If you have sleep apnoea, you might be displaying some of the following symptoms, according to NHS Choices:
• Loud snoring
• Noisy and laboured breathing
• Gasping or snorting
• Night sweats
• A frequent need to urinate during the night
• No memory of your interrupted breathing
• Not feeling refreshed after waking up
• Feeling very sleepy during the day
• Poor memory and concentration
• Headaches, particularly in the morning
• Irritability and mood swings
• Loss of libido
• Erectile dysfunction
Who’s at risk of sleep apnoea?
Drinking or smoking before you go to bed, having a large neck and taking sleeping tablets can all trigger sleep apnoea, but it’s also more likely in people who are middle-aged, menopausal or overweight.

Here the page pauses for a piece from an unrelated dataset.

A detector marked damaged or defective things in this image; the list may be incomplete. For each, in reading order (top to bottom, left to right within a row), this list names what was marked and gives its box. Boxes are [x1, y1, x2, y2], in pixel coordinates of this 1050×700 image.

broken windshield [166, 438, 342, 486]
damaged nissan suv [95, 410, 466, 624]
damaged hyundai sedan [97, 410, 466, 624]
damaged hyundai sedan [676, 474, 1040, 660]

Middle aged and menopausal
Sleep problems, including apnoea, are more common in middle age, says LloydsPharmacy pharmacist Alison Freemantle, due to a number of reasons.
“These range from lifestyle issues, such as having niggling worries on the mind, stresses of everyday life, young children waking you up, to hormone issues, such as a woman’s menstrual cycle; perimenopause, and menopause can cause disruption to sleep due to hot flashes, mood disorders, and even snoring,” she says.
“Obesity can be associated with sleep apnoea,” says Dr Sally Norton, NHS weight-loss surgeon and founder of online health hub Vavista Life, who explains how it can affect both partners in a relationship equally.
“Does your husband wake up several times at night fighting for breath? Does he drive you to distraction with his snoring? If you are as exhausted as he is the next day, it will affect your ability to make healthier choices and make your weight-loss attempts more difficult. He may then be tired during the day, falling asleep in front of the TV.
“Recent studies have found that people with sleep apnoea are twice as likely to be in a car-crash from nodding off at the wheel – not to mention the effect it has on productivity at work and energy levels.”
How can I treat it?
The obvious answers are to lose weight, cut down on smoking and alcohol, and avoid sleeping pills. You can also try sleeping on your side, and there are a couple of devices that can help you get a better night’s sleep:
Continuous Positive Airway Pressure (CPAP) device – this is a mask that stops your airway from closing by regulating the pressure of the air you breathe. It’s available on the NHS.
Mandibular Advancement Device (MAD) – this is like a gum shield, which holds your tongue and jaw forward to keep the space at the back of your throat open.